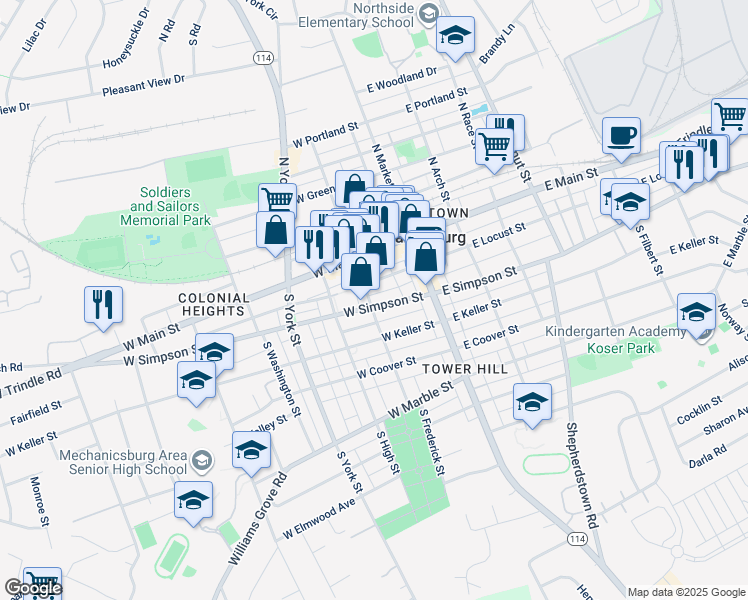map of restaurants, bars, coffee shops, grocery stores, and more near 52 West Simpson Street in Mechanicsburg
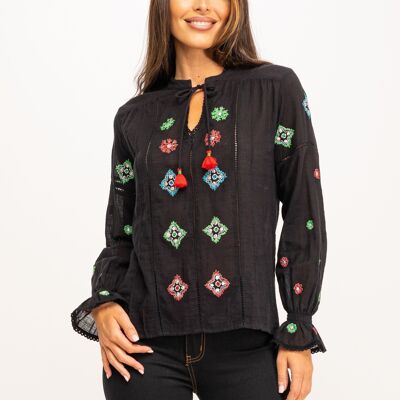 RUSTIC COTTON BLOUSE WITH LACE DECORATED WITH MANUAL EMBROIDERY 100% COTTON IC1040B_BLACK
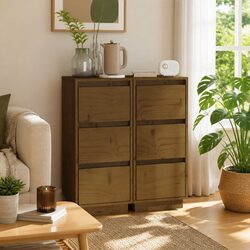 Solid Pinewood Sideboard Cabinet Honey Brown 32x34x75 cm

Instructions to follow: With the images removed, reproduce all the material above word for word.

Output for this task:
map of restaurants, bars, coffee shops, grocery stores, and more near 52 West Simpson Street in Mechanicsburg
 RUSTIC COTTON BLOUSE WITH LACE DECORATED WITH MANUAL EMBROIDERY 100% COTTON IC1040B_BLACK
 Solid Pinewood Sideboard Cabinet Honey Brown 32x34x75 cm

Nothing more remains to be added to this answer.